ACTION ITEM :: Retype the listing below exactly, pictures removed.

*** Opening GIVEN INFORMATION ***

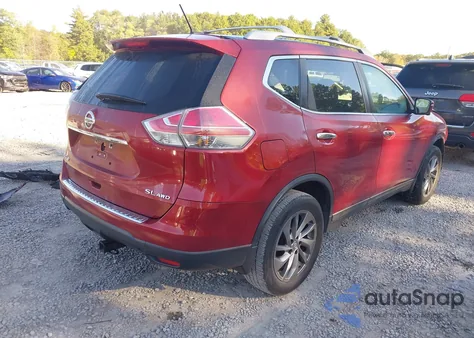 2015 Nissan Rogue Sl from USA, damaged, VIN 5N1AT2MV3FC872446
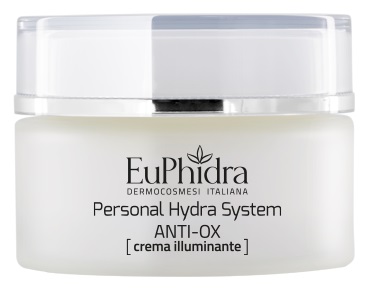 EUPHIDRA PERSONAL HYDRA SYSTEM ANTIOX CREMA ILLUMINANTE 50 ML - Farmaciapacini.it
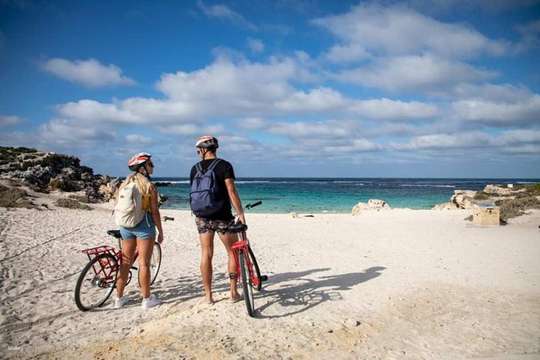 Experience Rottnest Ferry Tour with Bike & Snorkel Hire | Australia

*** Closing GIVEN INFORMATION ***

ANSWER TO THIS EXERCISE ::
 2015 Nissan Rogue Sl from USA, damaged, VIN 5N1AT2MV3FC872446
 EUPHIDRA PERSONAL HYDRA SYSTEM ANTIOX CREMA ILLUMINANTE 50 ML - Farmaciapacini.it
 Experience Rottnest Ferry Tour with Bike & Snorkel Hire | Australia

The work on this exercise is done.